En estos juicios se ha seguido el principio de que todos los culpables deben pagar. Aunque en estos casos tenga un amargo regusto a venganza, es un principio aceptable. Pero no puede ser el único. Para que los horribles sucesos no sucedan nunca más no basta con castigar a los culpables; también hay que crear las condiciones para que los crímenes abominables no se repitan. Esto sólo es posible cuando hay una sólida convicción ciudadana sobre la imparcialidad de la Justicia y el gobierno de la ley. Una condena sólo es legítima cuando hay pruebas fehacientes, más allá de toda duda razonable. La eventual impunidad de algunos, cuya culpa no pudo ser probada, es un precio a pagar para sostener los principios de la justicia.

Hacia allí apuntaron los juicios de 1985, que acompañaron la construcción de una democracia institucional. ¿Cuánto queda hoy de aquel proyecto de 1983? Si tomamos en cuenta los indicios de estos juicios, no queda mucho. Por el contrario, en ellos se encuentran rasgos bien conocidos en nuestra cultura política que el actual gobierno expresa en forma extrema: poco aprecio por la ley, inclinación al decisionismo y espíritu faccioso. La política por sobre todo, como dijo el doctor Álvarez. Si no nos ocupamos de esclarecer este aspecto de la Justicia, seguiremos cosechando demócratas descreídos, como mi antiguo alumno.

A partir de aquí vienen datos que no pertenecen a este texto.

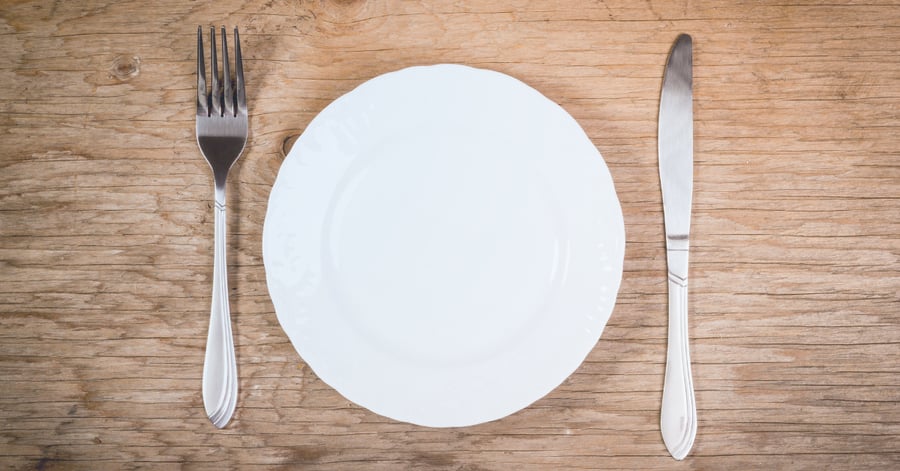 An empty plate between a fork and knife suggest hunger.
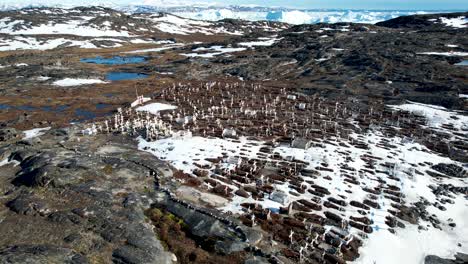 Dramatic-aerial-view-over-white-crosses,-grave-stones-in-small-cemetery-to-bay-of-melting-icebergs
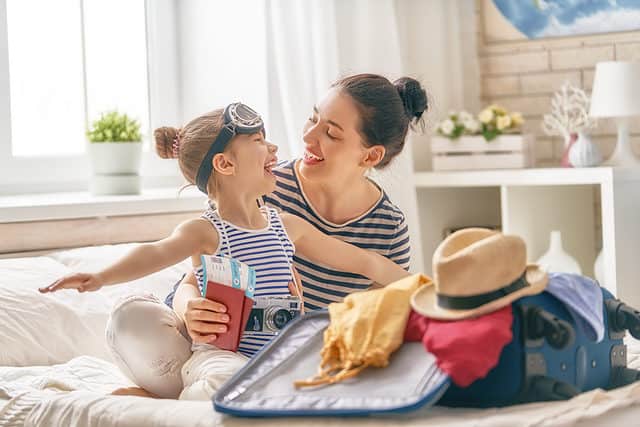 Mom getting ready for trip with child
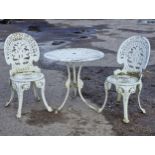 A painted cast metal three piece garden terrace set to include a table and two chairs with pierced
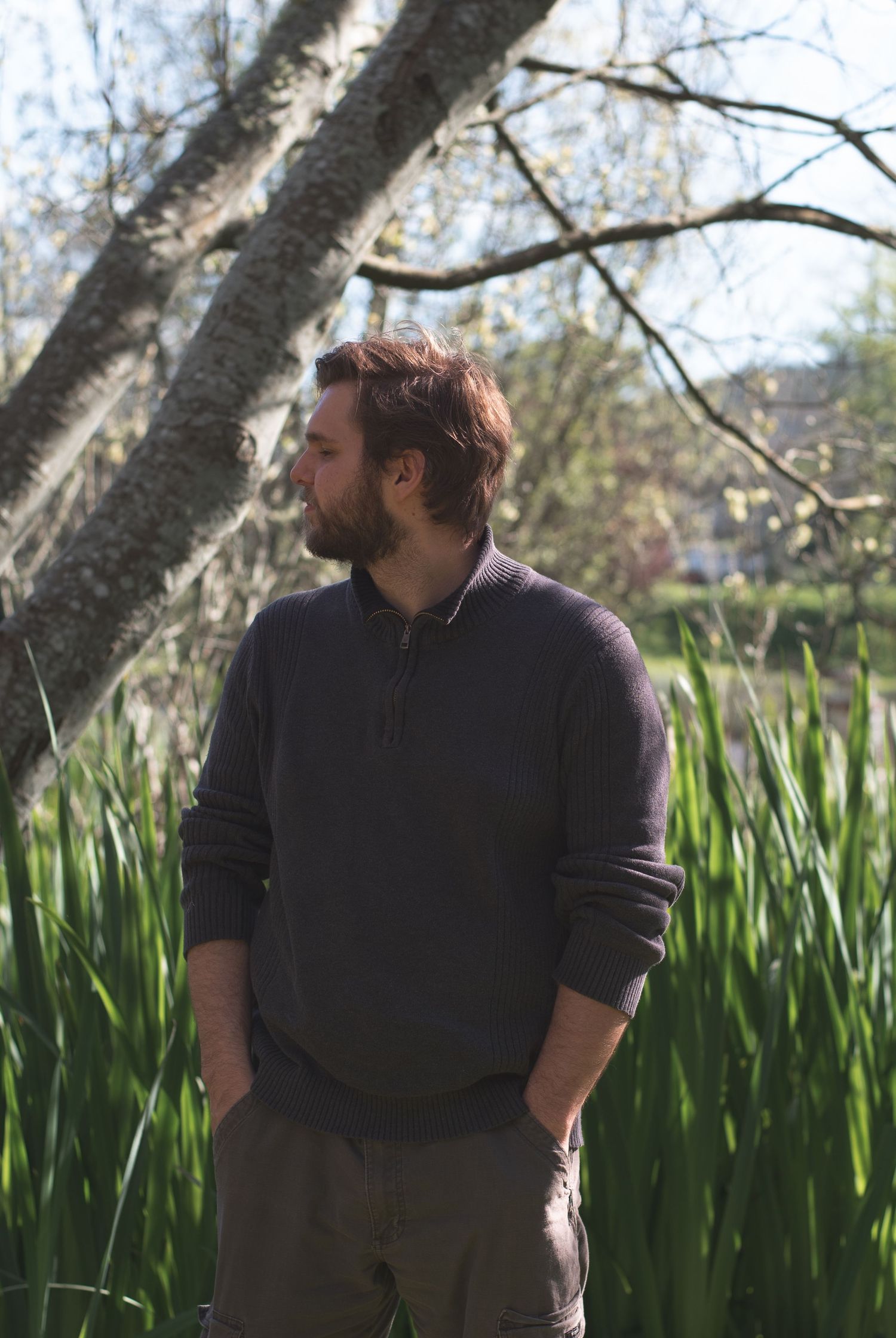 A photo of a man standing in front of a tree.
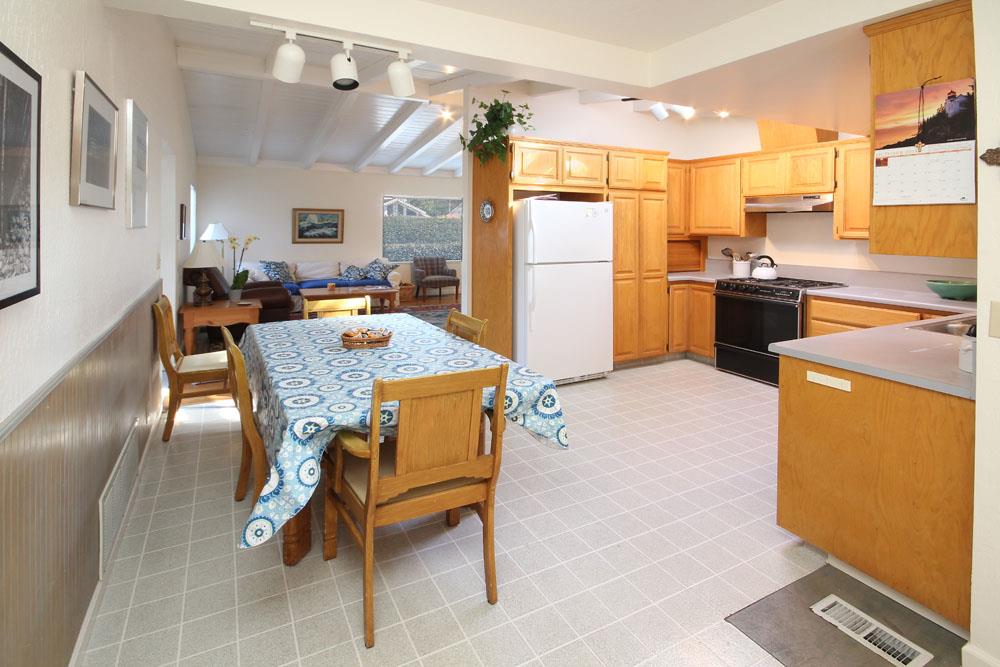 611 Middlefield Drive Aptos, CA 95003 - Photo 4 of 11 a kitchen with a table chairs refrigerator and cabinets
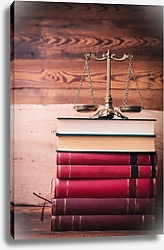 Постер Золотые весы на вершине стопки юридических книг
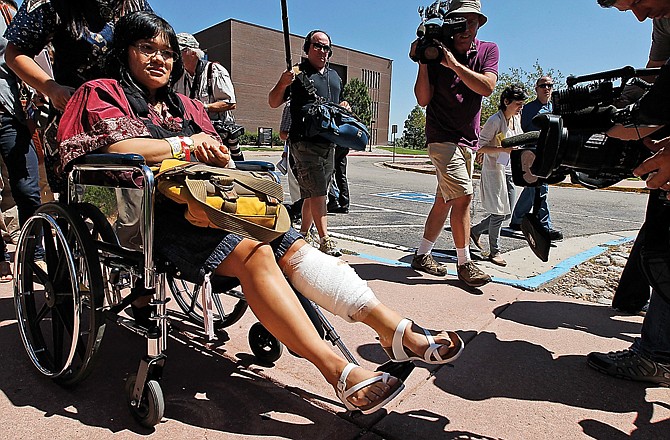 Rita Paulina, in wheelchair, who was injured in the attack, departs the Arapahoe County Courthouse after an arraignment hearing for accused theater shooter James Holmes.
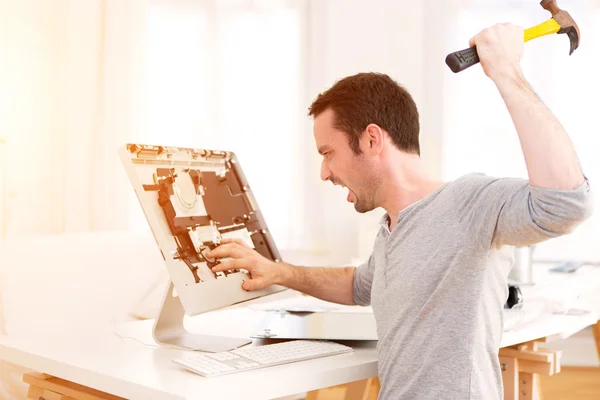 Young attractive man repairing a computer — Stock Photo, Image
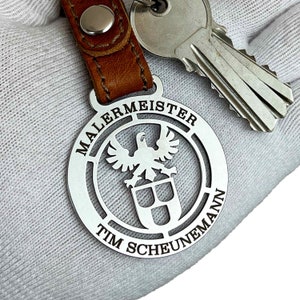 Könnte beinhalten: Ein silberner Schlüsselanhänger mit einem braunen Lederband. Der Schlüsselanhänger hat ein kreisförmiges Design mit den Worten "MALERMEISTER TIM SCHEUNEMANN" und einem stilisierten Adler und Schild.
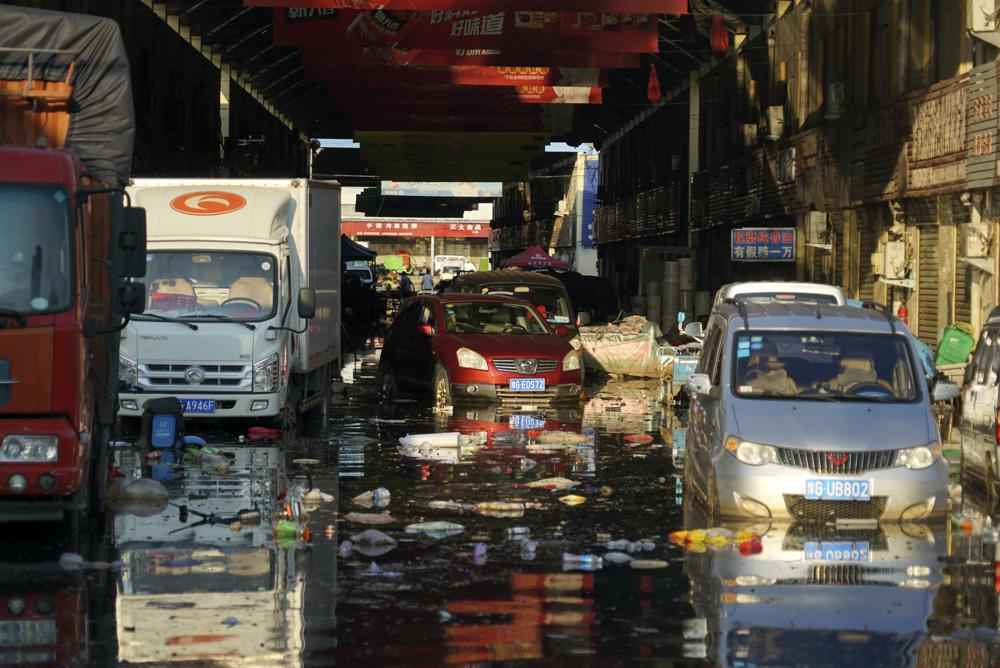 Vehicles sit in floodwaters at the Yubei Agricultural and Aquatic Products World in Xinxiang in central China's Henan Province, Monday, July 26, 2021.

FUENTE: http://www.lanacion.com.ar/1667004-cuando-la-politica-desvirtua-a-la-justicia

NOTA: Las imágenes y negritas no corresponden a la nota original.







[1] Es historiador. Ha sido profesor de la Universidad de Buenos Aires e investigador del CONICET. Enseña en la Universidad Di Tella y en FLACSO, e integra el Consejo de la Universidad de San Andrés. Recibió el Premio Konex de Historia y la Beca Guggenheim. Ha investigado sobre la sociedad, la cultura y la política de la Argentina en el siglo XX. Es autor de Breve historia contemporánea de la Argentina. 1916-2010, que ha sido traducida al inglés y al portugués. Dirige la colección Historia y Cultura de Siglo XXI Editores y colabora habitualmente en los principales diarios del país. Es miembro del Club Político Argentino.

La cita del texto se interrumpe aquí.